Такими криптограммами «в зародыше» представляются мне у Мандельштама, например, образы в следующих «крымских» стихах (начинаю с четвертой строфы, — курсивы мои).
4.
Я сказал: виноград, как старинная битва , живет,
Где кудрявые всадники бьются в кудрявом порядке.
В каменистой Тавриде наука Эллады — и вот
Золотых десятин благородные ржавые грядки.
5.
Ну, а в комнате белой, как прялка, стоит тишина ,
Пахнет уксусом, краской и свежим вином из подвала.
Помнишь, в греческом доме любимая всеми жена
Не Елена — другая, — как долго она вышивала.
6.
Золотое руно, где же ты, золотое руно —
Всю дорогу шумели морские тяжелые волны,
И, покинув корабль, натрудивший в морях полотно,
Одиссей возвратился, пространством и временем полный .

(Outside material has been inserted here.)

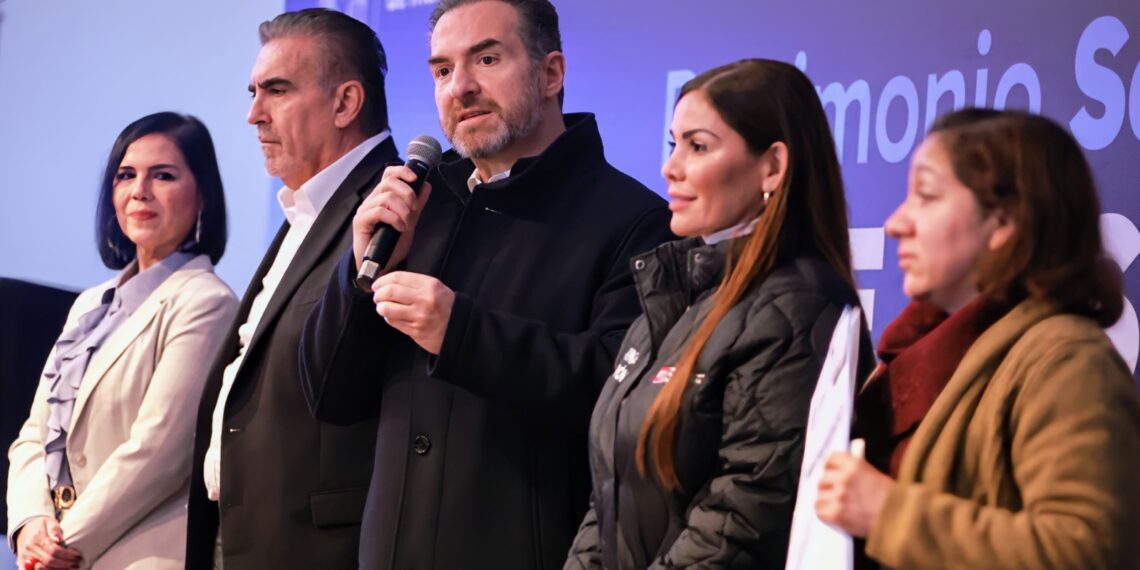 Entrega Gobierno de Monterrey 300 testamentos a familias regiomontanas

Не менее характерны для Мандельштама такие строки:
«И вчерашнее солнце на черных носилках несут»,
или –
«И лес безлиственный прозрачных голосов»,
или –
«Сюда влачится по ступеням широкопасмурным несчастья волчий след»,
или –
«И в ветхом неводе генисаретский мрак»…
Не буду «объяснять» гиперболики этих образных определений. Полагаю, что всякий, кто чувствует новую поэзию, их почувствует, вчитавшись в стихотворения, из которых они взяты. Я говорю — новую поэзию, потому что, разумеется, такой прием, такую сжатость образного определения — «как прялка, стоит тишина» — невозможно представить себе, скажем, у Пушкина, у Лермонтова, вообще — в поэзии до-символической. Один Тютчев иногда доводит выраженное ощущение или мысль до этого магического лаконизма . Таковы его уподобления зарниц «демонам глухонемым» или брызнувшего грозового дождя пролитому Гэрой «громокипящему кубку». Это еще не «гипербола» Маллармэ, но уже символика.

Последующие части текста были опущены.